What to do:
Reproduce the first line of the entries that follow and each later line, word for word, ending with the one containing "Brighten your decor".

Scraped caption text data

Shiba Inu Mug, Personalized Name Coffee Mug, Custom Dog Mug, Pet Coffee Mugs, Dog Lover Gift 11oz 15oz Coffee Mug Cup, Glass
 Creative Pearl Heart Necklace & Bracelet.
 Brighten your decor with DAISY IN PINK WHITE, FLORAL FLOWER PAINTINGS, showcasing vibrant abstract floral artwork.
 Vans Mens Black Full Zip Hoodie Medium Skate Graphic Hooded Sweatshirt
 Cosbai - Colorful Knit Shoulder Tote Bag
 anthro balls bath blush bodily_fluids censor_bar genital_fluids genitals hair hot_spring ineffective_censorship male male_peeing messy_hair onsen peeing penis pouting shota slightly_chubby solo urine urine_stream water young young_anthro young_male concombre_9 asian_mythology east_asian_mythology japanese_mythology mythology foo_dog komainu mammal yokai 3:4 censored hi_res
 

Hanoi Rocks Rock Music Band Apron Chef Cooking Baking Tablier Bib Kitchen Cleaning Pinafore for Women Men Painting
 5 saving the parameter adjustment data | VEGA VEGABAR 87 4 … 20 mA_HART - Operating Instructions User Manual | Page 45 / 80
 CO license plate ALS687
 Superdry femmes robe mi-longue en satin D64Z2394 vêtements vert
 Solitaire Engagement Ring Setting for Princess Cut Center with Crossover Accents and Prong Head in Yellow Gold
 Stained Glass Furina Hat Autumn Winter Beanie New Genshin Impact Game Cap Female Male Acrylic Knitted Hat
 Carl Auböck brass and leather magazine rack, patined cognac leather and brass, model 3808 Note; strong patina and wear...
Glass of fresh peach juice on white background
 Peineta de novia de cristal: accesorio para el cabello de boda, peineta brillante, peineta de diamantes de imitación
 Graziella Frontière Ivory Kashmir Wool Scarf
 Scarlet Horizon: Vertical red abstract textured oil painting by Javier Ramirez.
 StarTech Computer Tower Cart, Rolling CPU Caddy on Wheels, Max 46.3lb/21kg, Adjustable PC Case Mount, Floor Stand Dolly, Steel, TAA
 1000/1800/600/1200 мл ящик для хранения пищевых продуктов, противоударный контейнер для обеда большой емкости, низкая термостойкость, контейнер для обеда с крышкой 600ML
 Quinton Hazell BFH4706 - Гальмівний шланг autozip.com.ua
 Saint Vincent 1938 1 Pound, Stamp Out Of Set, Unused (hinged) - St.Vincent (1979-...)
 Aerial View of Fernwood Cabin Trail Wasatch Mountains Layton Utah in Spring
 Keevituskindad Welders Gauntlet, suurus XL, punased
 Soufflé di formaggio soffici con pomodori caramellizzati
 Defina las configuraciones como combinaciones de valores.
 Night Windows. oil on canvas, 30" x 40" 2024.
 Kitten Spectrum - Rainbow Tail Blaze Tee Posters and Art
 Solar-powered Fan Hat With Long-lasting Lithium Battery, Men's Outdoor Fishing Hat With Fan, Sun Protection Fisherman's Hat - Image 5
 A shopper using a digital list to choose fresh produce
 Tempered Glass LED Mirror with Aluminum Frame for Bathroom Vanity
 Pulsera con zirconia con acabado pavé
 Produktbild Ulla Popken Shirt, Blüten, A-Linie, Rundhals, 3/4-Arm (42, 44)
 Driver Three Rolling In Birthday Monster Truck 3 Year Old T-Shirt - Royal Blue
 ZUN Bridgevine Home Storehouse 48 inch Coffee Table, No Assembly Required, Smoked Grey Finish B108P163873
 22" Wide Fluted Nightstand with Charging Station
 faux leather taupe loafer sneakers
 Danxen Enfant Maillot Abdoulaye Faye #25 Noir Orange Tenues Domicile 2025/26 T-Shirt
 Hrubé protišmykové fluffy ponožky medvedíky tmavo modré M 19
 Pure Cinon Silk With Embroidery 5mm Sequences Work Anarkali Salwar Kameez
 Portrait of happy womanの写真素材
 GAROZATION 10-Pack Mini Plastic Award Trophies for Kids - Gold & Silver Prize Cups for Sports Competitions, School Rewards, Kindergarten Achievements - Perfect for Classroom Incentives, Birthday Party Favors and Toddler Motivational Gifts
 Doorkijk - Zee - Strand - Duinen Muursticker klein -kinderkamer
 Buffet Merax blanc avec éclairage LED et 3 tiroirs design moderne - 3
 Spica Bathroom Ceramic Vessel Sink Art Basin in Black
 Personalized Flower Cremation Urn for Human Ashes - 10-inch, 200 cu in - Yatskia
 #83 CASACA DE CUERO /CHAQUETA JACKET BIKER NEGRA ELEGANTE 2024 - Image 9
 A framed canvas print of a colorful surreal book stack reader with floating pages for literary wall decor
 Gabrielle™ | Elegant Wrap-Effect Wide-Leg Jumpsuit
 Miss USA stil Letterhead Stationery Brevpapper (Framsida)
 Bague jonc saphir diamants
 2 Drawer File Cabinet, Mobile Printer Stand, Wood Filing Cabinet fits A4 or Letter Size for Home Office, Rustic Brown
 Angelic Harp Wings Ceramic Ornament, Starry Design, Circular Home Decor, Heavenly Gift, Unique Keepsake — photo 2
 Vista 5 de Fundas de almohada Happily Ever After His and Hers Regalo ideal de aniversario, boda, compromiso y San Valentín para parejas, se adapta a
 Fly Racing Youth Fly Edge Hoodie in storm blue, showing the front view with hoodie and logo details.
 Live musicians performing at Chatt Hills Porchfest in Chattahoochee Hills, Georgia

Exercise response:
Shiba Inu Mug, Personalized Name Coffee Mug, Custom Dog Mug, Pet Coffee Mugs, Dog Lover Gift 11oz 15oz Coffee Mug Cup, Glass
 Creative Pearl Heart Necklace & Bracelet.
 Brighten your decor with DAISY IN PINK WHITE, FLORAL FLOWER PAINTINGS, showcasing vibrant abstract floral artwork.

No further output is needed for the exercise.